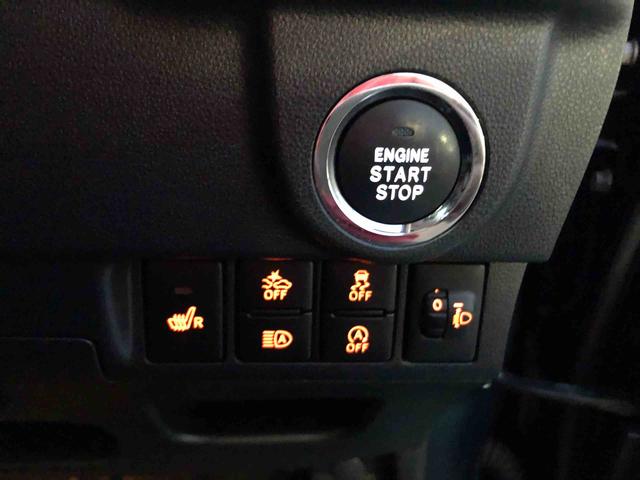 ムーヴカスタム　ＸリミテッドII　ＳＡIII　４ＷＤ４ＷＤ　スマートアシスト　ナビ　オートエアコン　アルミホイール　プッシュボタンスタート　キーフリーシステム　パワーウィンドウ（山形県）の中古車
§
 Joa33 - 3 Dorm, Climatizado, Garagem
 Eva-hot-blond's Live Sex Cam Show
§
Try it
Using the records above, set down exactly the lines from the one with "Joa33 - 3 Dorm, Climatizado, Garagem" through the one with "Eva-hot-blond's Live Sex Cam Show", inclusive, and nothing more.

Your response
 Joa33 - 3 Dorm, Climatizado, Garagem
 Eva-hot-blond's Live Sex Cam Show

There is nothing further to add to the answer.